Aim of the exercise: Both ends included, set down the lines from the line containing "FloraGrace Chaise Longue" through the last line of the records below, without pictures.

[Short descriptive text snippets]
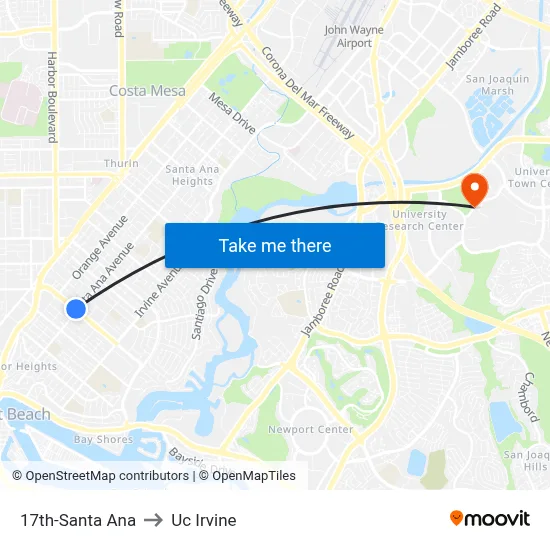 17th-Santa Ana to Uc Irvine map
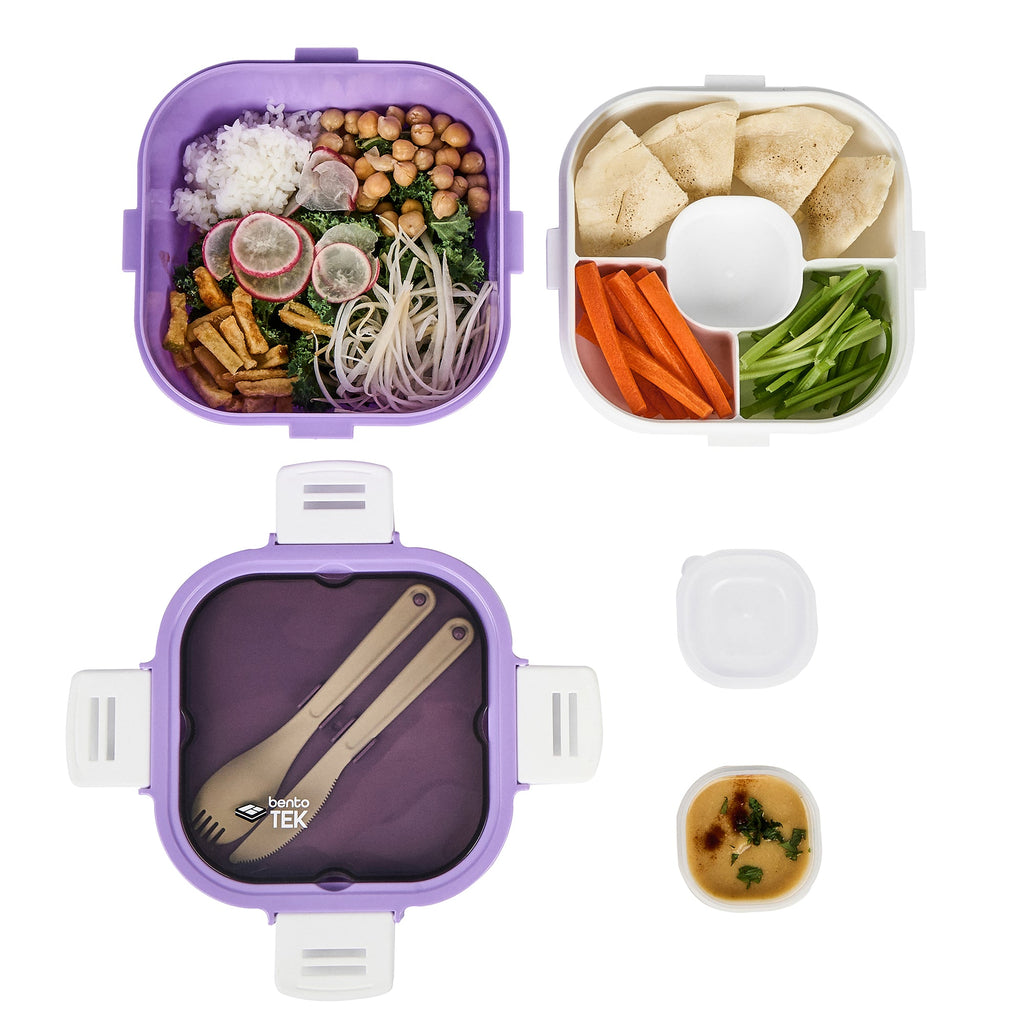 Bento Tek 58 oz Purple and White Lunch Box - BPA-Free, Microwave-Safe, with Fork and Knife - 7 1/4" x 7 1/4" x 4 1/4" - 1 count box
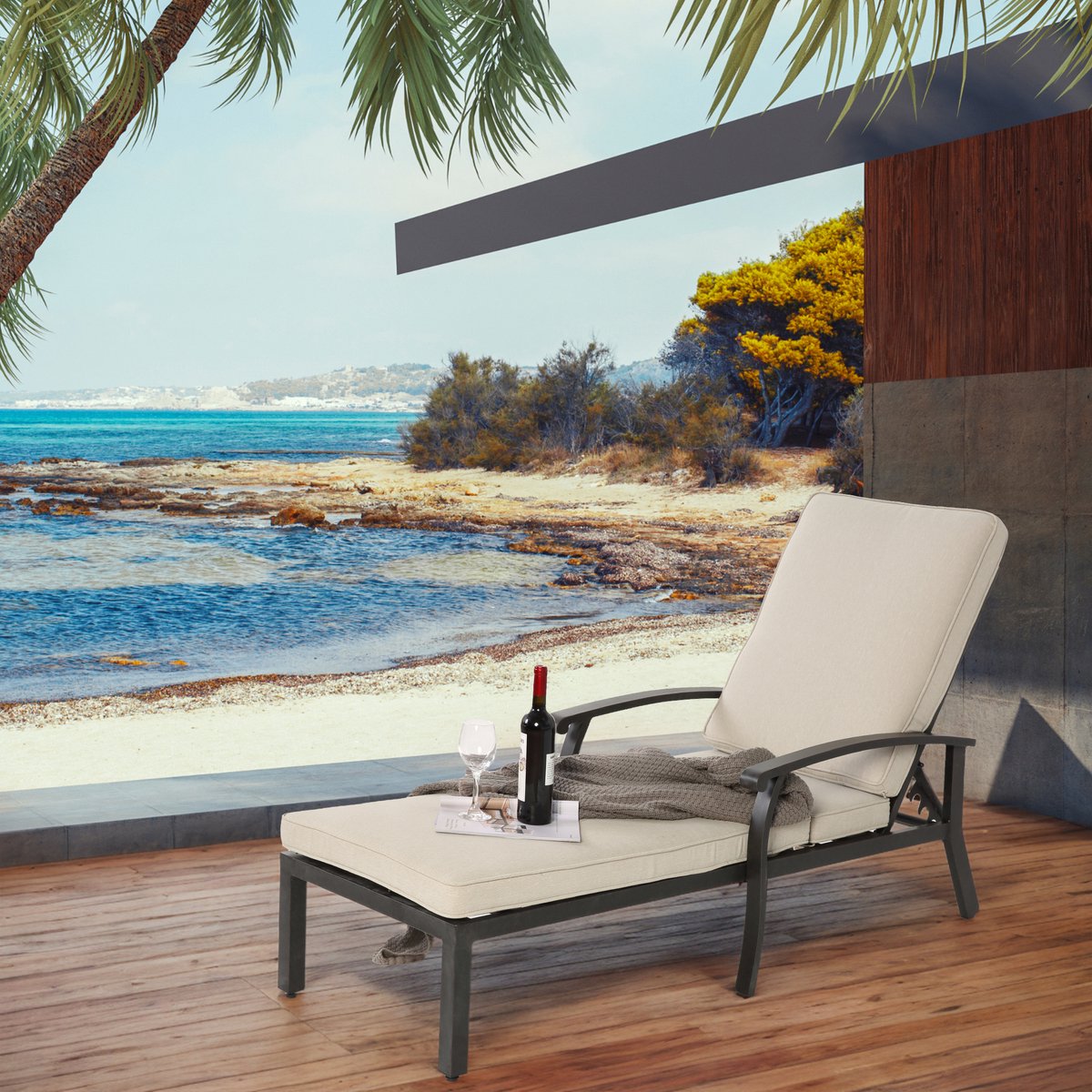FloraGrace Chaise Longue 204 x 58 x 100 cm - Verstelbare Rugleuning Met 5 Standen - Voor Tuin En Zwembad - Aluminium En Katoen - Beige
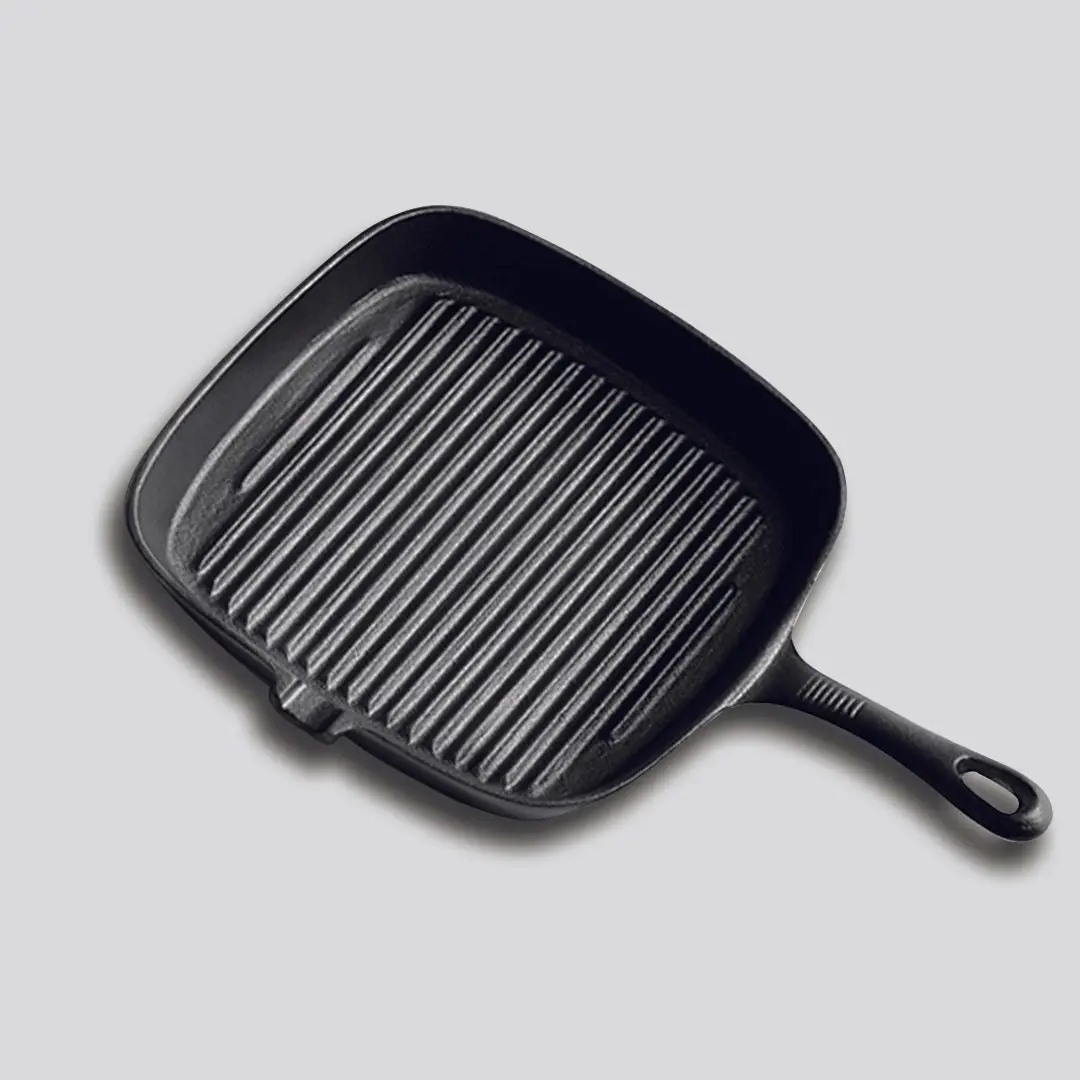 Soga 23.5cm Square Ribbed Cast Iron Frying Pan Skillet Steak Sizzle Platter with Handle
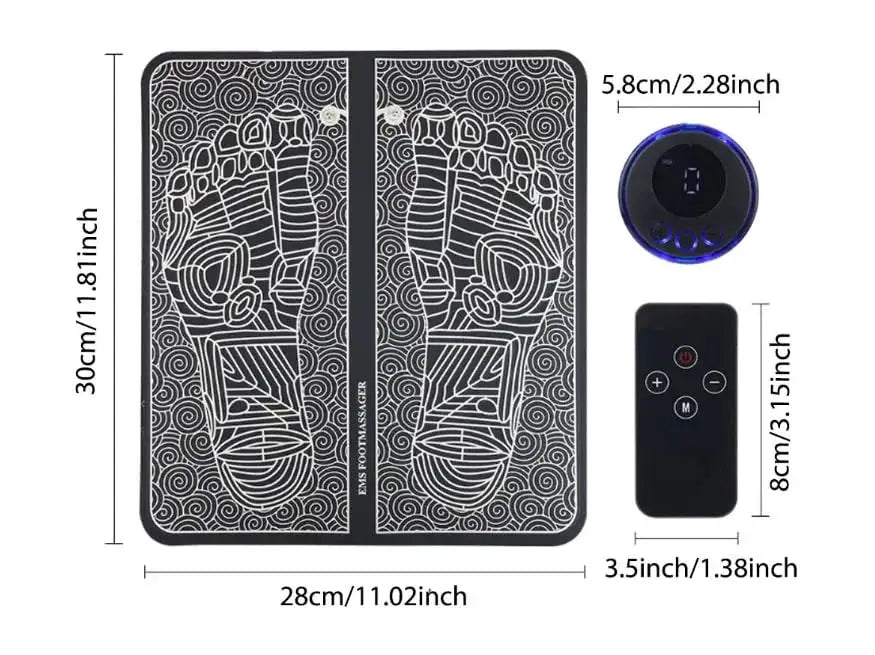 EMS Electric Foot Massager Pad Portable Rechargeable 19 Levels 8 Modes Muscle Stimulator for Pain Relief Blood Circulation Home Office Travel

Expected answer:
FloraGrace Chaise Longue 204 x 58 x 100 cm - Verstelbare Rugleuning Met 5 Standen - Voor Tuin En Zwembad - Aluminium En Katoen - Beige
 Soga 23.5cm Square Ribbed Cast Iron Frying Pan Skillet Steak Sizzle Platter with Handle
 EMS Electric Foot Massager Pad Portable Rechargeable 19 Levels 8 Modes Muscle Stimulator for Pain Relief Blood Circulation Home Office Travel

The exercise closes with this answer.